Australian Farmers Navigate World Climate Extremes but not Rising Input Costs

Despite global climate extremes such as cyclones, droughts, fires and floods impacting on agricultural production at home and around the world during the past six months, Australia will produce one of the largest winter crops on record, with a 38 million tonne harvest boosting the gross value of agricultural production to $37 billion in 2005-06 the National Farmers’ Federation (NFF) said today.
However NFF Farm Business and Economics Committee Chair, Mr Charles Burke said that farm commodity prices were failing to lift along with other commodities, with the Westpac NFF Rural Commodity Index released today, steady over December and January, down 0.1 per cent.

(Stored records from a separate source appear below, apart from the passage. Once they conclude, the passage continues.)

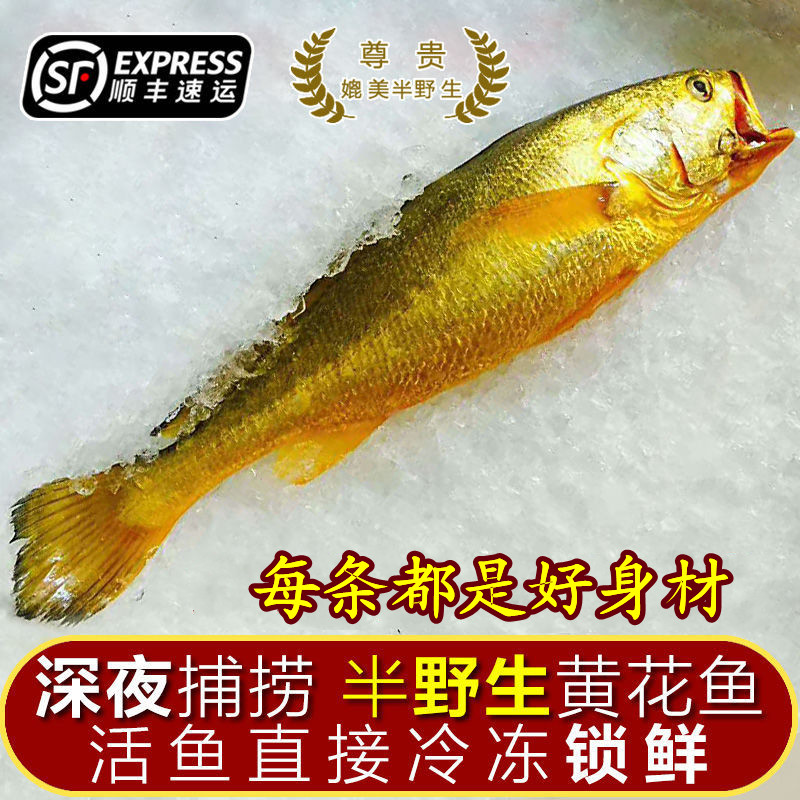 大黄鱼半野生顺丰包邮一斤两条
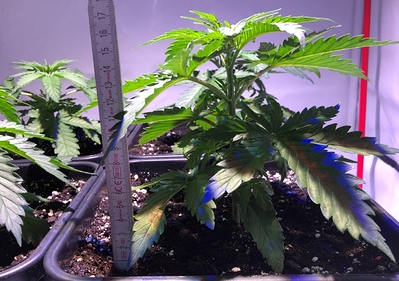 Growreport Bild 3
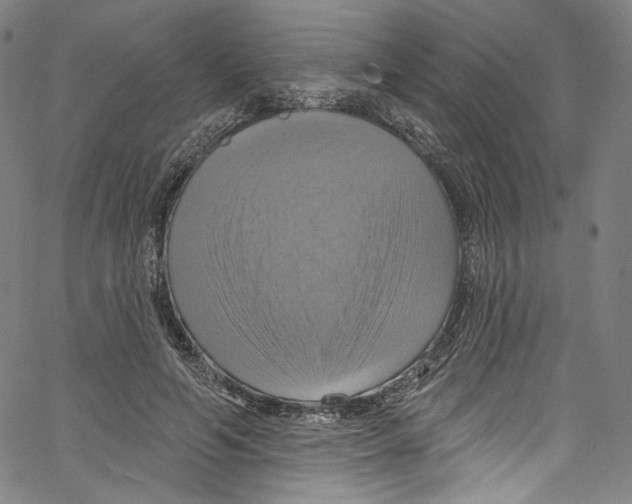 X0000067350594200604281444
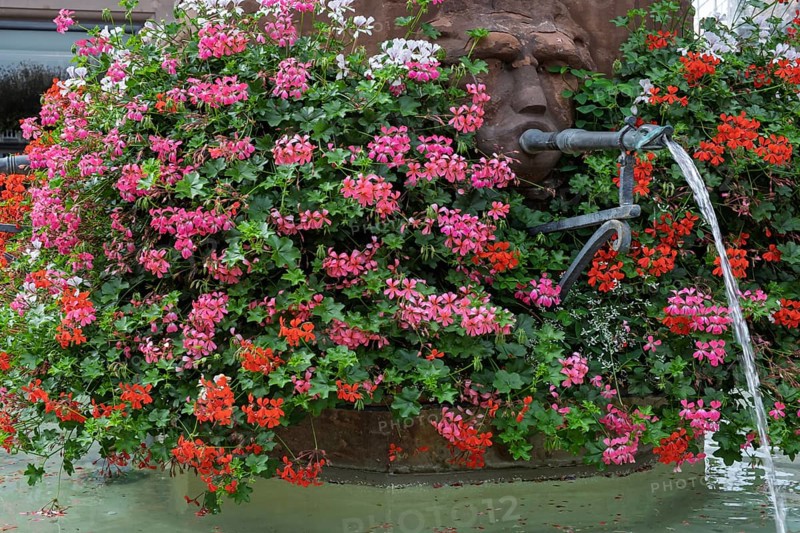 Gargoyles at Georgenbrunnen in Haguenau, Hagenau, Bas-Rhin department in the Alsace region, France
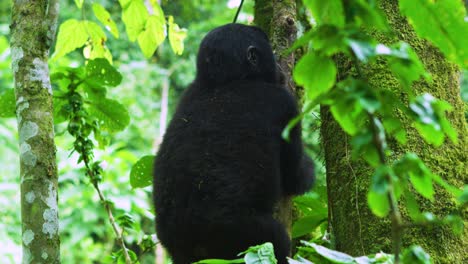 Baby-Gorilla-climbs-tree-with-ease,-amongst-trees-in-dense-rainforest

“It is frustrating that despite our farmers beating the odds and managing to harvest one of the best crops ever this year, rural commodity prices remain generally flat. This should be a year that many farmers consolidate their financial position to help them through the tougher times, but with the combination of soaring input costs and flat prices, farm returns are actually going to fall 8 per cent in 2005-06 when compared to 2004-05,” Mr Burke said.
“Over the past six months we have seen two major US cyclones, the driest weather in recorded history in Texas and cold conditions in the Ukraine and Russia all affecting global production. At home, floods, fires and scorching temperatures in inland Australia have tested our farming ability to the limit.”
However, Mr Burke said that optimism was returning to Australian canegrowers after sugar prices increased a massive 32 per cent over December/January. Wool prices also have turned around from record lows.
“Sugar prices have gone from strength to strength as more of the Brazilian crush is diverted to ethanol production to beat the cost of oil and as sales of flex-fuel cars boom. Planned cutbacks to production in Europe and crop damage in the wake of two cyclones, in the US have also been positive factors on sugar prices.
“Wool prices almost couldn’t get a better start to the year with prices rising 3.5 per cent in January as overseas buyers start to recognise that the market may have bottomed out towards the end of 2005,” Mr Burke said.
Westpac Banking Senior Economist, Mr Justin Smirk said that the Westpac NFF Rural Commodity Index had been expanded to now incorporate dairy prices.
“Dairy is a growing sector of the economy with a gross value of $3.4 billion and exports worth $2.6 billion in 2005-06. The addition of dairy prices to the index is in recognition of the important contribution dairy makes to Australia’s rural commodity exports,” said Mr Smirk.
The Westpac NFF Index is weighted according to the value of Australian agricultural exports and includes only rural commodities – unlike other price indices that are overshadowed by oil, mineral and energy prices. It provides daily movements based on prices of Australia’s seven key farm exports – wheat, barley, beef, wool, cotton, sugar and canola – in both $US and $A.